American Banker recently reported that although the pace of M&A has been slower in 2019 than prior years, more than 180 mergers were announced through the end of September.
Additionally, a survey of 571 bankers by the Conference of State Bank Supervisors conducted between April and July pointed to an eventual acceleration in merger activity. Almost a quarter of banks said they had made an acquisition bid to another bank in the past year, up from 20 percent in last year’s survey. More than 14 percent of banks said they had received an acquisition offer in the past year, up from 13 percent in 2018 and 11 percent in 2017.
Tuck identifies four areas where boards may wish to focus their energies when presented with an acquisition.
Understand financial assumptions and their limitations. It is relatively easy to paint a glowing picture of how a merged entity would perform. Directors should push for clear explanations of the assumptions and keep in mind the data processing adage, “garbage in, garbage out.” Projections are limited value if they don’t reflect reality. Tease apart the social and financial issues. “It’s easier to recover from a financial misstep in an acquisition than to deal with a clash of cultures,” Tuck says. “If the cultures don’t mesh, it hardly matters what the financial metrics are, because we probably haven’t made a good deal.” Social issues can include matters of autonomy, such as whether employees can easily take time during the day to attend a child’s school performance or whether they need to schedule the absence two weeks in advance.
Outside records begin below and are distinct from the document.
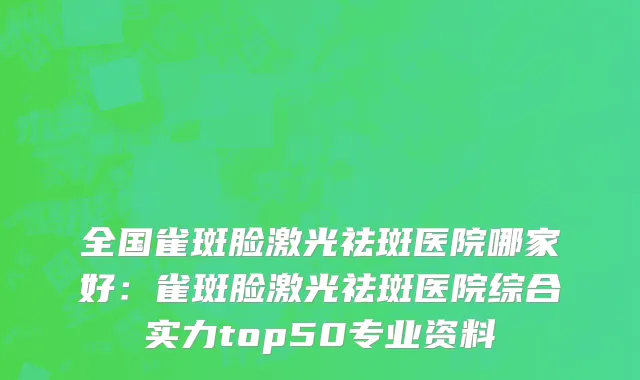 全国雀斑脸激光祛斑医院哪家好：雀斑脸激光祛斑医院综合实力top50专业资料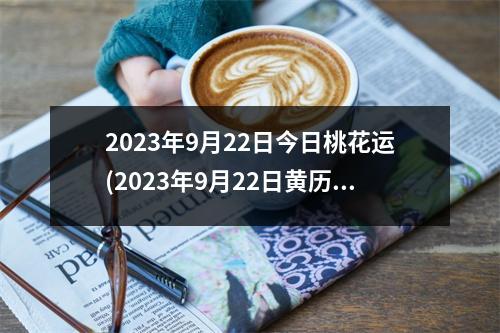 2023年9月22日今日桃花运(2023年9月22日黄历)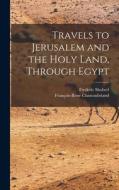 Travels to Jerusalem and the Holy Land, Through Egypt di François-René Chateaubriand, Frederic Shoberl edito da LEGARE STREET PR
Social issues can also include the credit culture, such as the degree of flexibility a loan officer has to accommodate a customer’s specific needs.
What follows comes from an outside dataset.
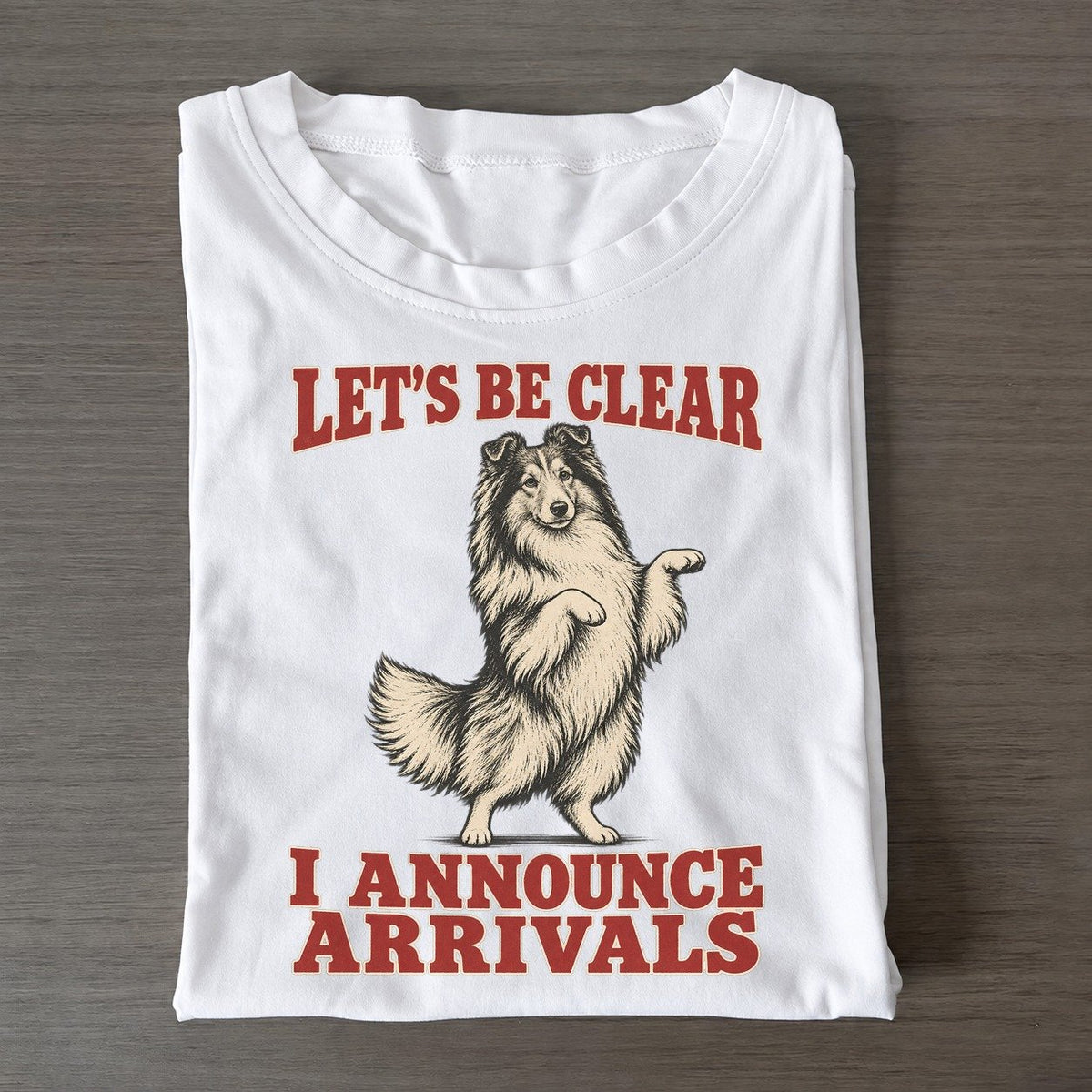 Shetland Sheepdog Dog Declarations Classic T-shirt – White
Keep front-line employees engaged. “Banking is a relationship-driven business, particularly in a community bank,” Tuck says. When customer-facing employees on both sides buy into the deal, their enthusiasm can be influential. But if a deal is announced and no work has gone into bringing tellers and other front-line employees on board, there is a potential that customers will hear a message of disappointment.
Evaluate the deal against the goal. The ultimate responsibility of an acquirer is to engage in a transaction that enhances shareholder value for the owners, Tuck notes. Does the deal increase earnings per share? Support the stock’s liquidity? Provide new talent? Expand the bank’s geographical area? A deal may not meet all these criteria, but it should meet some of them. “The acquirer needs to be very strategic and specific in identifying the reasons for the transaction,” Tuck says.
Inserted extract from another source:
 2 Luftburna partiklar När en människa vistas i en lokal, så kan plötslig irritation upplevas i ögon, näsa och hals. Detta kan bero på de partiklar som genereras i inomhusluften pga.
One of the key questions for directors to ask is: Who is getting what in this deal? The board of the acquiring bank should have a clear picture of what benefits the institution stands to realize, Tuck explains. Are there nonfinancial benefits as well as financial ones? Is the case clear that the bank should spend the time and effort to pursue the deal?
“Directors of the acquiring bank shouldn’t micro-manage the deal,” Tuck says. “But they should be very cognizant of the financial and social issues that arise in an acquisition and be prepared to offer sound advice to management.”